# Activity:
Your answer must be the full listing, word for word, with no images in it.

# Supplied information:
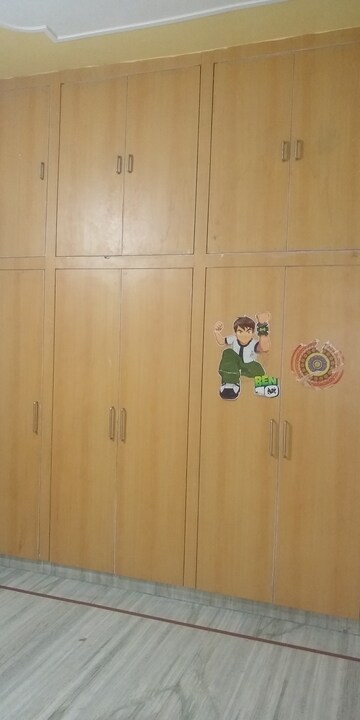 Room in 2.5 BHK Builder Floor at Tilak Nagar – for Rent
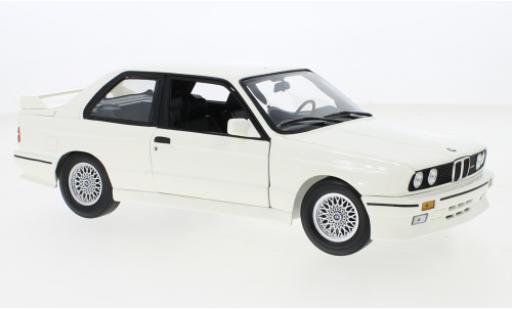 Bmw M3 1/18 Minichamps (E30) bianco 1987 modellino in miniatura
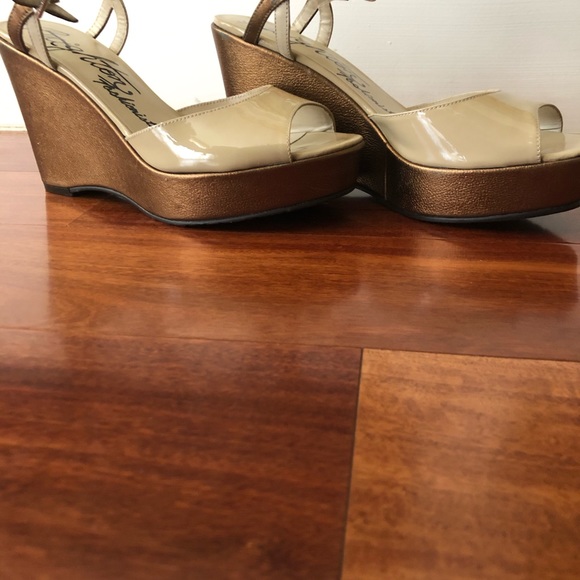 Sandals - Picture 6 of 7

# Solution for this exercise:
 Room in 2.5 BHK Builder Floor at Tilak Nagar – for Rent
 Bmw M3 1/18 Minichamps (E30) bianco 1987 modellino in miniatura
 Sandals - Picture 6 of 7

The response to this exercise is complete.